AN EASY WAY for a small business which is on a cash accounting basis with the ATO, to keep accounts and prepare the quarterly BAS return is:

  1. Bank Account:
    For all business receipts and payments open one business bank account and one credit card account.
    Most small businesses can run their tax accounts on a ‘Cash’ basis. So Sales are what receipts are banked in a period, and Purchases are what money is paid in a period.
  2. Payments:
    1. Internet bank transfer / direct deposit — (1st choice).
    2. Credit Card — (2nd choice).
    3. Cheque (3rd — choice).
    4. Cash (Avoid.
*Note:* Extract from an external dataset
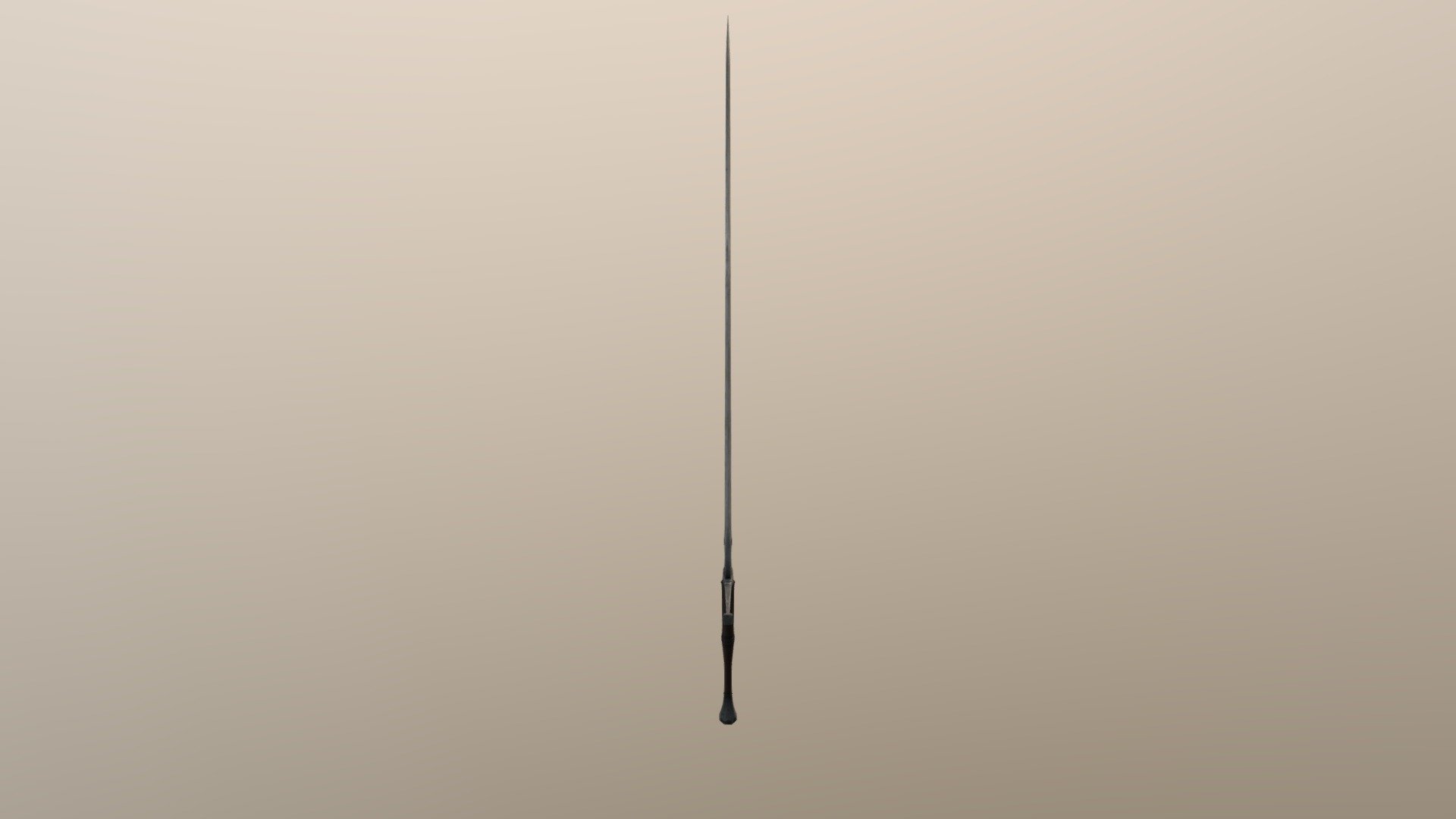 Landsknecht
If it’s ever necessary, do a bank transfer from the business account to your private account for the exact amount and an appropriate reference to reimburse yourself.
  3. Receipts:
    1. Encourage customers to make payment by direct deposit or bank transfer with their name in the reference field.
    2. Where customers only pay by cheque, bank each cheque separately.
    3. If cash received, a receipt book is needed, and each receipt must be entered in a cashbook, then totalled to the banking for the day.
  4. Download transactions monthly
    1. Use Internet banking to download all transactions for the month from the business bank account and the credit card account, to new files in a folder on your computer.
    2. Folder can be named ‘Bank’ and the files can be ‘Bank0407.csv’ Card0407.csv’ ‘Bank0408.csv’ Card0408.csv’ etc
    3. If downloaded in CSV format (Comma Separated Values) the files can be opened in Microsoft Excel.
    4. Most banks also give options for downloading to other formats, eg Quicken, MYOB, etc. to upload to an accounting package.
    5. Take care that non-business transactions such as transfers to and from a personal bank account are clearly identified. It’s a good idea to save the original downloaded file, then save it again under a different name, without any private transactions in it.
  5. Monthly Summaries
    1. Payments:
      Copy the column of business payments from the bank file and the card file to a new file (say bus0407.xls). Insert a new column in this file for the source, eg ‘Bank’ or ‘Card’ – and if say the Card file is showing payments with a minus sign, first put a formula in a spare column to multiply the payments column by ‘-1’ . You should be able to end up with columns for ‘Source’ ‘Date’ ‘Reference’ ‘Detail’ ‘$ Payment’
    2. Receipts:
      Copy the receipts column from each of Bank and Card files to the file ‘bus0407.xls’ but move the amount column of the receipts one column along. You should be able to end up with columns for ‘Source’ ‘Date’ ‘Reference’ ‘Detail’ ‘$ Payments’ ‘$ Receipts’
    3. Totals:
      Then you can put a formula at the foot of the ‘$ Payments’ and ‘$ Receipts’ columns, covering the rows from the foot to the column headings – something like ‘=SUM(E200:E1)’ and ‘=SUM(“F200:F1)’ if there are 200 rows.
  6. Quarterly BAS (Business Activity Statement)
    1. Consolidate three months Excel worksheets into a quarterly one – or at least the totals so that you have a total payments and total receipts for three months. These are for entry on the BAS as ‘G1 Total Sales’ and ‘G12 Total Purchases’.
    2. Extract a total of receipts and payments on which there was no GST – eg. interest payments, export receipts, etc. Extract a total of capital purchases (car, computer, long term assets). These are for entry on the BAS
    3. Calculate the sub-totals and the GST for each of Sales and Purchases, and the Net GST payable or refundable.
  7. Yearly Accounts
    It’s good practice to analyse payments each month and enter the expenses labels in a column next to the amounts, in preparation for the annual profit and loss statement on which the Tax Return will be based. If you can give your Tax Agent a consolidation of these file, it could help the Tax Return preparation time.
    Of course, if you need stock records, debtors ledger, creditors ledger, you need an accounting package. Most packages will accept input from spreadsheets, text files, Excel or Lotus files.